Troubleshooting Legal Problems

Why Blended Families Should Include A Trust In Their Estate Plan

Getting remarried when you already have children can be a practical decision. Marrying someone with children of their own means that you can combine forces to parent together. Your children gain a stepparent and stepsiblings, while you gain a spouse and stepchildren.

It could take some time to adjust to the practical realities of cohabitating as a blended family, but eventually you will likely develop a stable family dynamic. Despite a healthy family bond right now, you may want to adjust your estate plan to include a trust. Doing so may preserve that family dynamic in the future.

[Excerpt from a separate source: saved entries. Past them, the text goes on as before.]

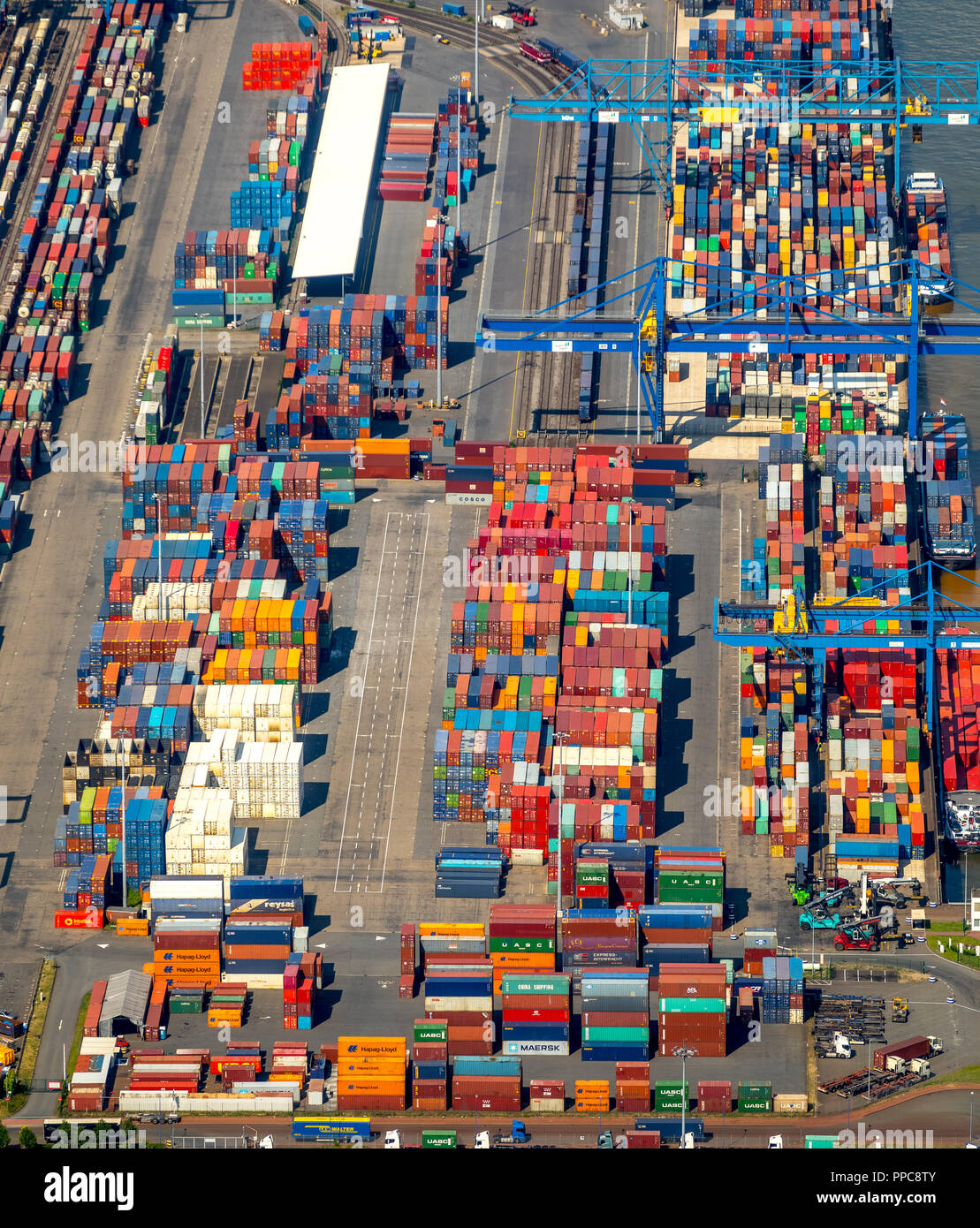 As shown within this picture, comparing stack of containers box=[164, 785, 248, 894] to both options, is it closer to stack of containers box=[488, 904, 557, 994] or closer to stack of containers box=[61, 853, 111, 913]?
stack of containers box=[61, 853, 111, 913]

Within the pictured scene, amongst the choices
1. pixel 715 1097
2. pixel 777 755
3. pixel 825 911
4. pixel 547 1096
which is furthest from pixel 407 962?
pixel 777 755

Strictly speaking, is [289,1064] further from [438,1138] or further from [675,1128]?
[675,1128]

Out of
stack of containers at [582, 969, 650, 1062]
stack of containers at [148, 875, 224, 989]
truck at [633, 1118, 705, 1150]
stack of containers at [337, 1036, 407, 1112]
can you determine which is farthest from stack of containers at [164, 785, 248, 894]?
truck at [633, 1118, 705, 1150]

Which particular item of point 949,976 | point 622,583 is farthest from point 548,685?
point 949,976

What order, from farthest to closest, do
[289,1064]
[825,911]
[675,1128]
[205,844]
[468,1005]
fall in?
[205,844], [825,911], [468,1005], [289,1064], [675,1128]

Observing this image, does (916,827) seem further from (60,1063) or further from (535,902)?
(60,1063) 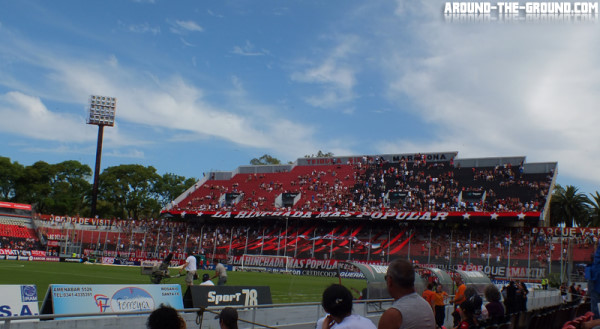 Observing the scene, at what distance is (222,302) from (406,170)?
5685 cm

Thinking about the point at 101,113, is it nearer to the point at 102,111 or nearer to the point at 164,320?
the point at 102,111

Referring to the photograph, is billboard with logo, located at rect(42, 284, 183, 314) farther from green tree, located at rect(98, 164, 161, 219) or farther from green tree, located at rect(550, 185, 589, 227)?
green tree, located at rect(98, 164, 161, 219)

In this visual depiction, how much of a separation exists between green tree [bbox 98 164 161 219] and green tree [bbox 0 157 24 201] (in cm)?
1265

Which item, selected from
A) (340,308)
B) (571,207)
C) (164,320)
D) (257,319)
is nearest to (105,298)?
(257,319)

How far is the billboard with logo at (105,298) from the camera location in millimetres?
11117

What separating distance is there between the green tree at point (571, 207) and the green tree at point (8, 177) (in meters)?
79.6

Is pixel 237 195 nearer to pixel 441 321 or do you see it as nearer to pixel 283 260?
pixel 283 260

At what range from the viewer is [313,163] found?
8106 centimetres

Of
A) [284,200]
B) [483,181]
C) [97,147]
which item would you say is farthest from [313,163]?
[97,147]

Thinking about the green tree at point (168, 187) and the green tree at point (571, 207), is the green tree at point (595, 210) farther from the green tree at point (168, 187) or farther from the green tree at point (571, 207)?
the green tree at point (168, 187)

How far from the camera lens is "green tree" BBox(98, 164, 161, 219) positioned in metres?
95.4

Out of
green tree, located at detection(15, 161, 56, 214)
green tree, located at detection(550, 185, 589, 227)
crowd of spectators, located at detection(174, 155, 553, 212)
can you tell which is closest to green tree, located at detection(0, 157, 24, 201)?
green tree, located at detection(15, 161, 56, 214)

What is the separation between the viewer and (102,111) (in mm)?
87812

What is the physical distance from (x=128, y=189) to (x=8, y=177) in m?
18.4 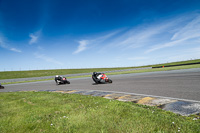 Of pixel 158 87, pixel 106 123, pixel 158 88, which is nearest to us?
pixel 106 123

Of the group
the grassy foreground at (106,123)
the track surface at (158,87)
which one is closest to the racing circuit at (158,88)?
the track surface at (158,87)

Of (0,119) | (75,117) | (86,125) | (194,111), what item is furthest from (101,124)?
(0,119)

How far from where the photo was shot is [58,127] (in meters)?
3.27

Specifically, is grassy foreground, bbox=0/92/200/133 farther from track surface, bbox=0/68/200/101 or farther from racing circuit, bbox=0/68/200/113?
track surface, bbox=0/68/200/101

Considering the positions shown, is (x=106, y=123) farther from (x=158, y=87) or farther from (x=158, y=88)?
(x=158, y=87)

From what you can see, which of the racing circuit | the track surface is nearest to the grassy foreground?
the racing circuit

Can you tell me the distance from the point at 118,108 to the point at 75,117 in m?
1.44

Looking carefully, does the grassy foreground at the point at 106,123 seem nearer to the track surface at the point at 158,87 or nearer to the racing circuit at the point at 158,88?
the racing circuit at the point at 158,88

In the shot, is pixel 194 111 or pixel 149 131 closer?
pixel 149 131

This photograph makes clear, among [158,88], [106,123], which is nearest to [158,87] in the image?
[158,88]

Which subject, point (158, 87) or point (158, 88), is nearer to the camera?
point (158, 88)

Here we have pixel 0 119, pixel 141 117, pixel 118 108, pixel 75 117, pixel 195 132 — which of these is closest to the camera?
pixel 195 132

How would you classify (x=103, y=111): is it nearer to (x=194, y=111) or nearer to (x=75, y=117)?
(x=75, y=117)

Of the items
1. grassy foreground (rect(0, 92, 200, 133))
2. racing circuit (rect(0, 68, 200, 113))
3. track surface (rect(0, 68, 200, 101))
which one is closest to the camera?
grassy foreground (rect(0, 92, 200, 133)) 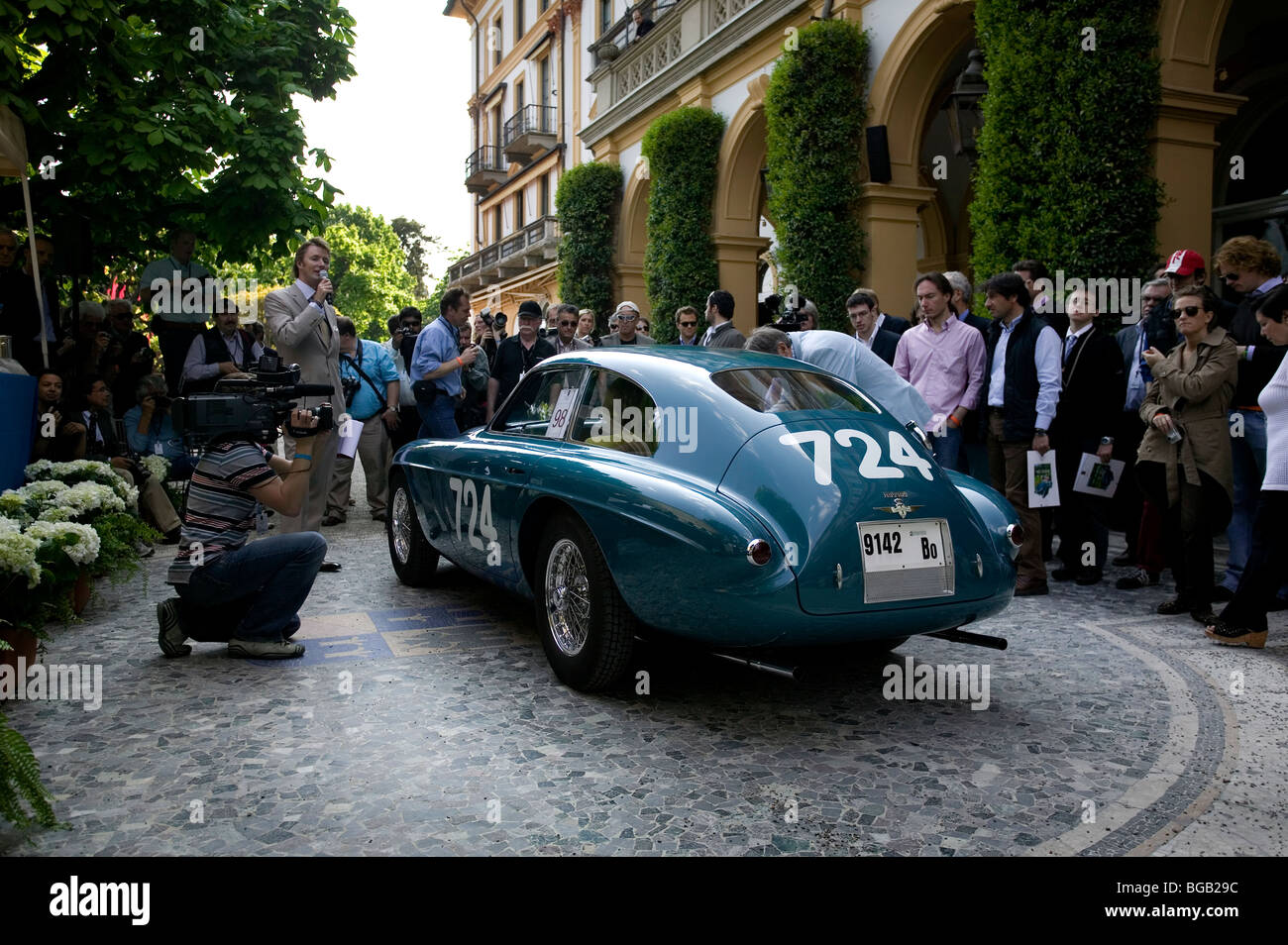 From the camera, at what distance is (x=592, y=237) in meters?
20.9

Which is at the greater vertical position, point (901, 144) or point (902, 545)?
point (901, 144)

 Your death could affect the entire family

When you die, your spouse and your children will have an interest in your estate. Blended families may be at elevated risk for the closest family members of the deceased fighting over their property. Your children or your spouse could challenge your estate plan. Doing so might undermine your last wishes and reduce or eliminate the inheritance you wanted to leave for specific members of your family.

Creating a trust will make it much more difficult for the beneficiaries of your estate to challenge your wishes. A trustee will oversee the distribution of all trust property, making infighting and underhanded tactics during probate proceedings less of a concern.

There are other benefits to a trust as well

Beyond being harder to challenge and having the oversight of a trustee, trusts offer numerous other benefits to a testator with a blended family. For example, moving ownership of your residence into a trust would allow you to give your spouse and their children the right to stay in the property without giving them the right to sell it. You could earmark the home as the eventual possession of your children so that they benefit from it financially after your spouse has lived there.

A trust allows you to retain control over how people use their inherited assets or when the trustee distributive property to people. If you have any reason to worry about taxes or debt, a trust can help with those concerns as well. Creating a trust and talking to your family about your estate wishes can reduce the potential of probate conflicts pulling your family apart after you die.